The Sunshine Room

I was chatting with some fellow teachers yesterday through google hangouts. While we were waiting on a few people to arrive on of them joked, “we should do a through the keyhole type tour of each others classrooms.  Who would teach in a classroom like this?”  I said that you’d know which was my classroom straight away, because it doesn’t look like a classroom.  Which it doesn’t.

My room is called the Sunshine Room.  It has a fitted kitchen, kitchen table with eight dining room style chairs, a sofa with cushions, curtains and blinds, a rug patterned with colourful buttons and a big low blue table that is shaped like a flower with small multi-coloured chairs all around it.  My room certainly doesn’t look like a typical classroom.
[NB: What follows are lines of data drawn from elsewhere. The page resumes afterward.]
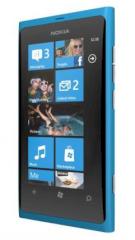 Nokia Lumia 800 bekommt Tango-Update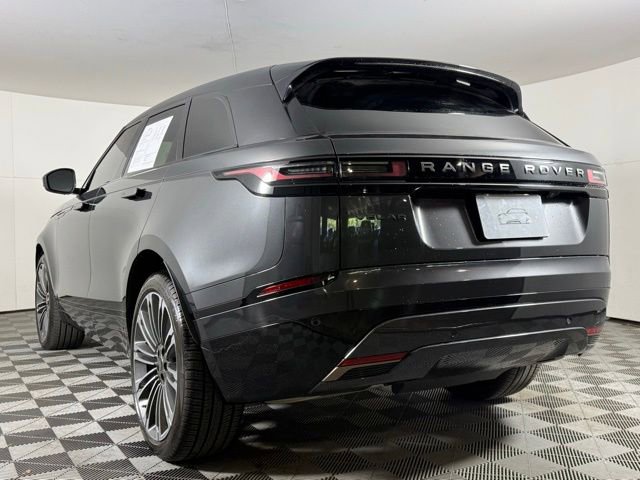 2024 Land Rover Range Rover Velar Dynamic SE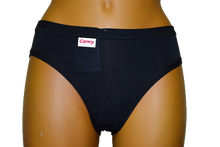 Carica l'immagine nel visualizzatore di Gallery, Slip donna mini in modal 90% cotone 10% elastomero - IntimoCamy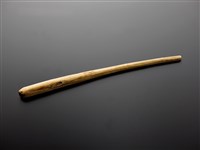 藏品(木琴─賽德克族-琴槌 )的圖片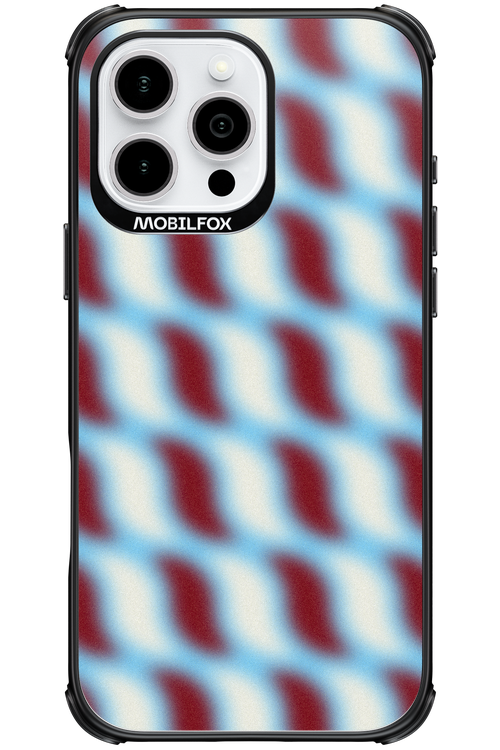 Cold Wave 2.0 - Apple iPhone 16 Pro Max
It doesn’t operate like a typical classroom either.  I only have 6 students at a time, this year drawn from P1 and P2.  They are with me for most of the day, eight sessions a week.  The bunch I have are diverse, their needs are big and sometimes the emotions that they have to deal with are big too.  They aren’t really settled to learn and find fitting in with the routines and structures of school too challenging. Maybe they are quiet, withdrawn and solitary.  Maybe they are whirling dervishes who can’t sit still for two minutes together.  Perhaps their emotions rule their behaviour and the only way they know to deal with the disorganisation inside them is to act it out.  I take a mix of these unsettled children and put individualised targets and plans into place for each of them.  I provide them with missed early years experiences and fill in the gaps that are causing them to struggle in the world of formal education.  Sometimes they come to me with no nursery experience.  Sometimes they come with fragmented experiences of early years provision that they found difficult to access because they weren’t ready for it.  My room is a mix of these wee ones who I am tasked with supporting, helping, nurturing, caring for and settling to learn.  I have a window of  up to four terms to work with them and then they go back into their classes full-time. My room is a nurture room.  My job is to provide a safe base for them to revisit, or often visit for the first time, those learning experiences that will allow them to settle to learn.  That will enable them to be ready to meet behavioural expectations and join in with the structures and routines of the classroom.

My room doesn’t really look like a typical classroom.

My day doesn’t look like a typical day.

My focus for education isn’t the typical focus of levels and data and attainment.

But I think, for my wee bunch, its right.